As deep learning started emerging, designed deep NNs to match user queries with document text & images.
E-commerce search faces messy, short queries (“nj devils tees”), shifting language (“jorts”), and ambiguity (“frozen” the temperature vs. Frozen the movie). Synonyms aren’t just dictionary swaps; they’re a controlled expansion of user intent.
Goal. Bridge query–catalog mismatch without flooding results. Boost recall while preserving precision and rank quality.
Synonym Types.
- Variants: spelling/lemma/plural (“adapter ↔ adaptor”, “shoe ↔ shoes”).
- Equivalents: true alternates (“graph paper ↔ grid paper”).

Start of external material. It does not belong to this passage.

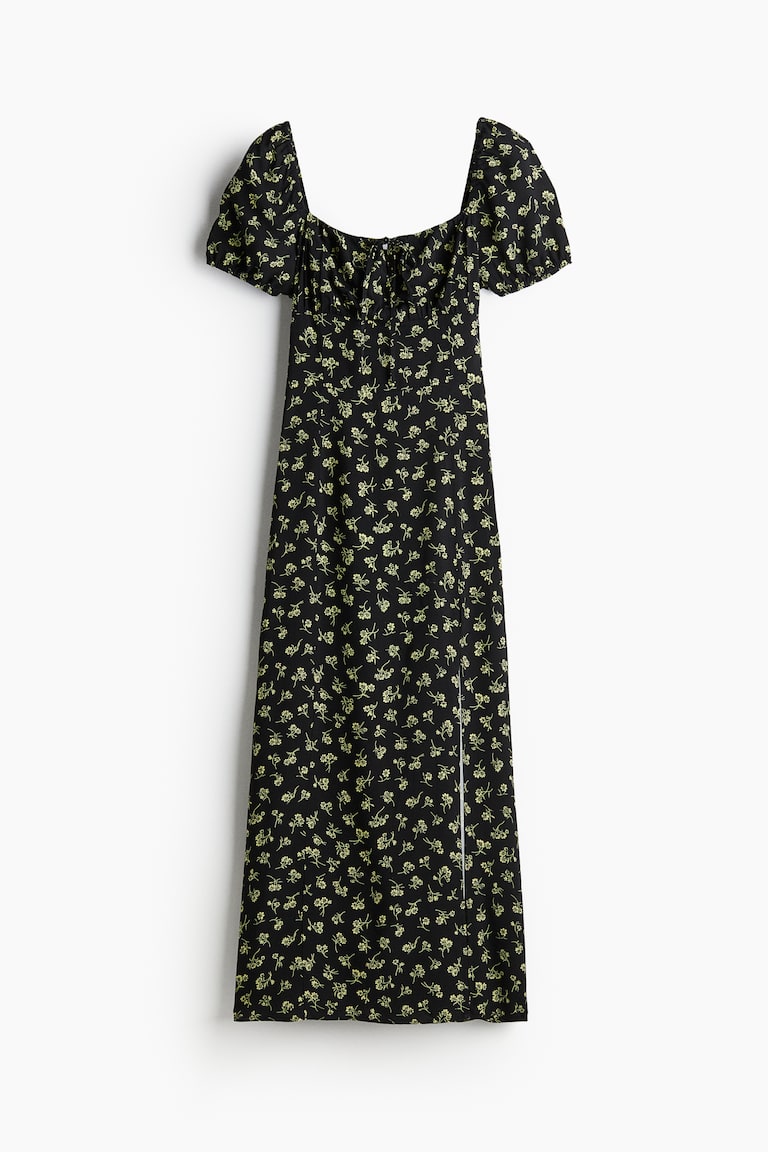 h&m puff sleeve midi dress H&M TREND Conscious Puff-Sleeved Cotton Dress BLACK Short Midi Size Small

- Hierarchy: hypernym/hyponym (“desktop pc ↔ computers”).
- Backstops: closely related substitutes when inventory is thin (“paper plates ↔ plastic plates”).
Data Scale. Weekly mining over ~100M product descriptions, billions of web lines, and ~30M queries to capture new vocabulary, trends, and seasonality.
Pipeline (Mining, not per-query).
- Candidate extraction: phrase pairs from catalog, crawl, and logs.
-
Representations:
- Context windows / embeddings (“a word by the company it keeps”).
- Behavioral signals: clicked/viewed/bought product distributions after a query.
- Document vectors: TF-IDF-weighted phrase contexts.
- Session neighbors: queries issued together or sequentially.
-
Similarity scoring:
- Symmetric measures (e.g., Jensen–Shannon divergence on click dists) for equivalence.
- Asymmetric measures for hypernym/hyponym directionality.
- Heuristics (edit distance, morphology) to nudge borderline cases.
-
Decisioning:
- Phrase-specific thresholds (relative to known baselines like “shoe↔shoes”).
- Supervised model over multi-score features to grade and type pairs.
- Guardrails so low-confidence expansions don’t bubble to the top after sorts (price/popularity).
Application.
- Build a typed synonym graph (variant/equivalent/hierarchy/related) with confidence scores.
- Apply class-specific rules at query time to expand cautiously.
- Refresh weekly to reflect new products, slang, and events.
Outcomes.
- Higher findability and better long-tail recall with minimal precision loss.
- Resilient to language drift; fewer manual thesaurus edits.
- Honest note: Like any ML system, it has “good and bad days,” so monitoring and iteration matter.